Getting Popped for Pop & Food Bank Assistance

Getting Popped for Pop & Food Bank Assistance plus Food Forethought. I’m Greg Martin with today’s Northwest Report.

I’m one of those that believe prison should not have any benefits like color TV’s, internet access and soda pop. One group in Oregon is raising a ruckus over the state spending some $773 thousand dollars annually to provide Department of Correction inmates with soda pop. The Department acknowledges the budget item is an issue and may be working on a way to reduce the amount of carbonated consumption.

It appears the downturn in the economy has been good for our nation’s food banks. Ross Fraser with Feeding America talks about how to get food bank assistance or learning ways you can volunteer.

FRASER: If you are down on your luck or if you are up on your luck, call your local food bank and ask what your can do to help them. There’s all kinds of opportunities, so you can go into food banks and sometimes it’s the sorting through food, it’s putting the food in boxes. Maybe of you are older and you can’t lift food you can help with paperwork. I know of a retired doctor in Vermont and 5 days a weeks she goes to her local food bank and cooks and makes dozens and dozens of meals and freezes them in little plastic storage bags and then those are delivered to senior citizens and then they have a hot meal to eat.

Now with today’s Food Forethought, here’s Lacy Gray.
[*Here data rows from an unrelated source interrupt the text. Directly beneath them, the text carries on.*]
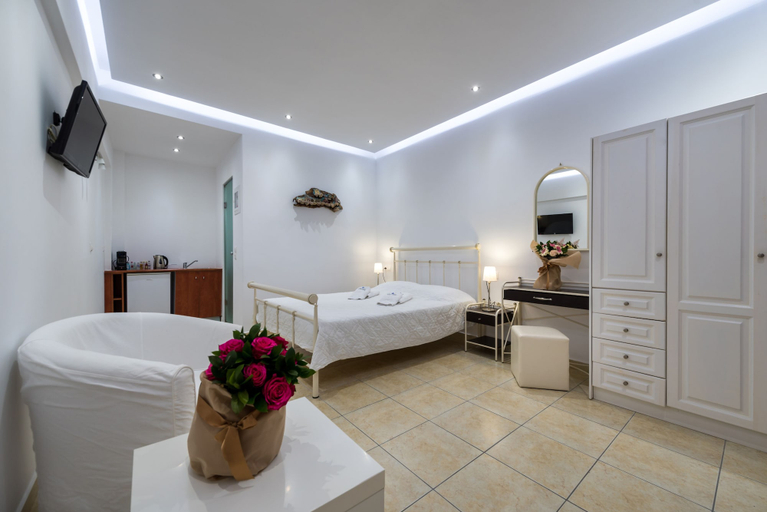 Bedroom 4, William's Houses, South Aegean
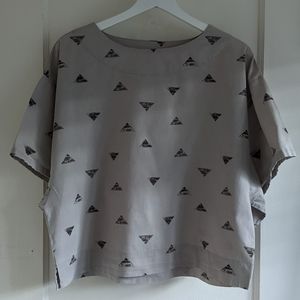 Grade&Gather Triangle Print Kimono Top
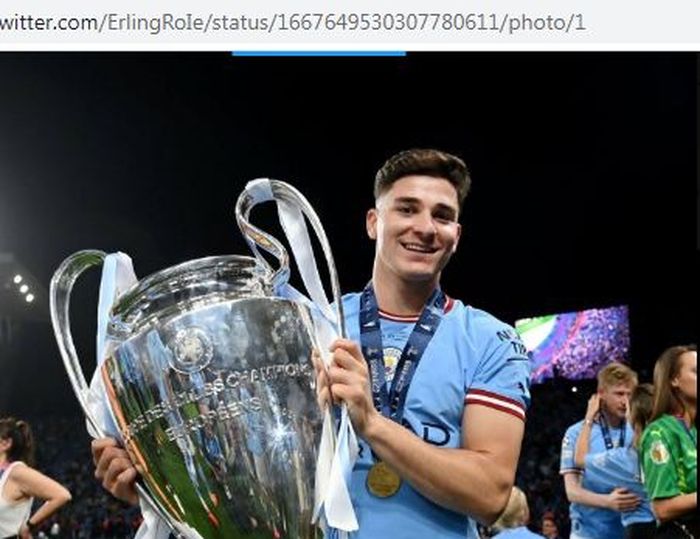 Penyerang Manchester City, Julian Alvarez, saat menjuarai Liga Champions 2022-2023.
Most everyone has heard the old adage, “the early bird gets the worm”, but how about “a happy cow gives more milk”? It makes sense. You probably haven’t heard it before though because it hasn’t been until recently that dairy farmers have begun to learn more about their cows comfort as it pertains to milk production. Oregon State University is researching dairy cow comfort factors with an Israeli made ankle bracelet that can sense when a cow is lying down. For anyone who doesn’t know, a recumbent cow receives more blood flow to her udder which increases milk production. Researchers are also asking farmers for their ideas on additional test factors, such as if their cows seem to have a bedding preference, any breed separation influence, weather changes, or other contributing factors on cows resting time. And while this device won’t make a nation of dairy farmer Dr. Doolittle’s overnight, it will tell them what factors are influencing their cows’ ground time which in turn means more milk.

Thanks Lacy. That’s today’s Northwest Report. I’m Greg Martin on the Northwest Ag Information Network.